In my program, I maintain 10 threads:
foreach (Record r in recordList)
{
while (true) {
if (numOfThread < = 10)
{
ThreadPool.QueueUserWorkItem(new WaitCallback(runProcess), r);
Interlocked.Increament(numOfThread)
break;
}
}
}

This codes solves the problem of “There were not enough free threads in the ThreadPool object tocomplete the operation.” Do a search on Google, and you will find several posts regarding this problem. However, because I put the code in a while(true) loop, the CPU will be busy looping, which takes 50% CPU time (a horrible performance results). A quick fix of this problem put thread to sleep a small amount of time after each check:
if (numOfThread < =10)
{

}
else
{
Thread.Sleep(1);
}

Here, I sleep the thread for 1 millisecond, which is small consider each thread has 6 seconds life cycle, but can reduce CPU usage dramatically (only call 1000 times per second). After I implement this code, CPU time has been reduced to <1%.
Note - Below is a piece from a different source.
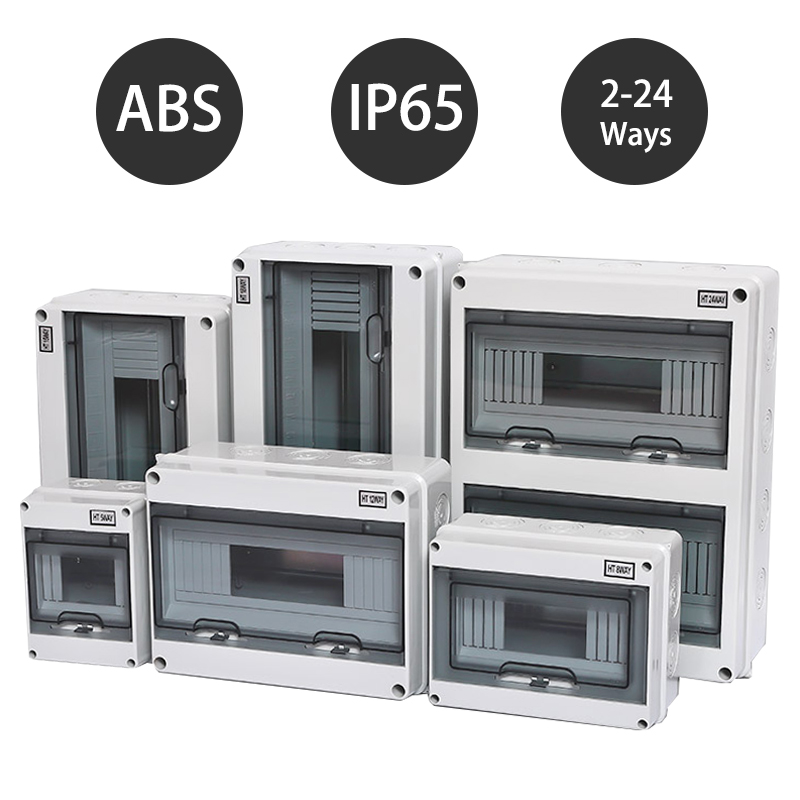 Outdoor Power Box Cover - HT سلسلة صندوق وصلات 2/3/5/8/12/15/18/24WAY PC
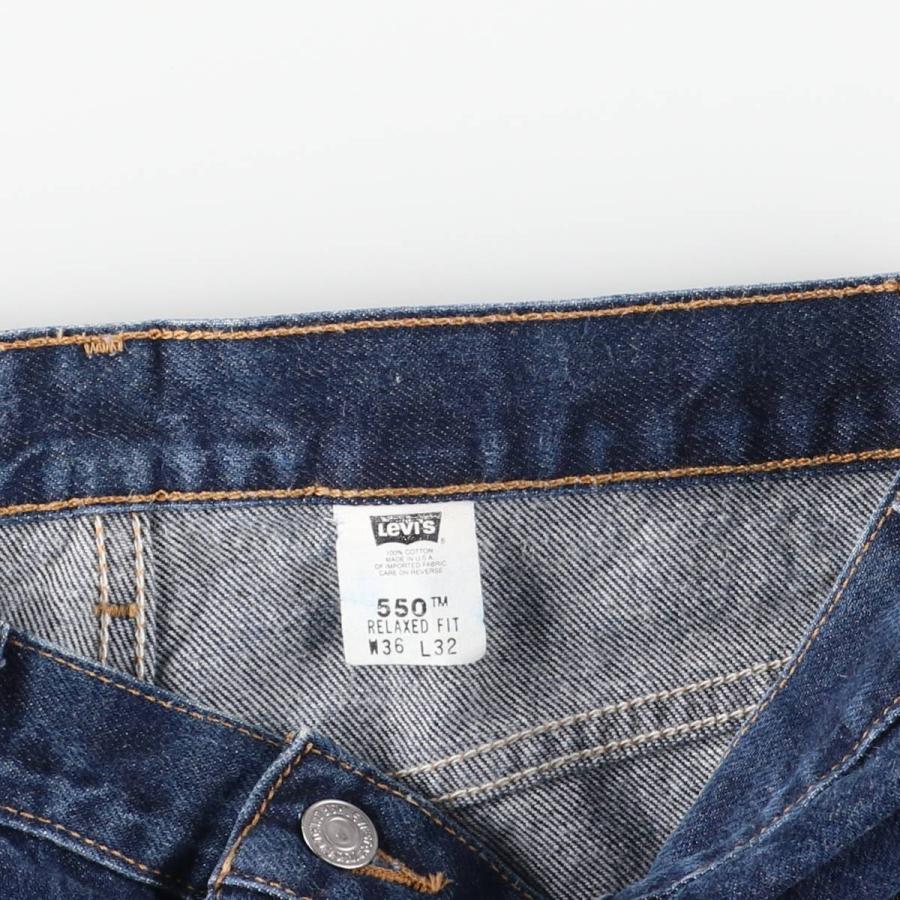 Levi's（リーバイス） 古着 00年代 Levi's 550 RELAXED FIT テーパード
The solution I presented above is not a very good programming practice. A reliable approach to fix the bug is to write your own thread and scheduling. Nevertheless, this solution is a really good fix, and can save tons of time. I have successfully run the above code on a 100,000 queries batch, so I assume it is good for most cases. =P

06.06.05

Multithreading in .NET

Posted in Programming at by chenty

The prototype of the application I am working on has a major performance problem. I did manage to run it on multiple computers to speed it up. However, the maintainability is very poor, and running on multiple computers are hard to manage.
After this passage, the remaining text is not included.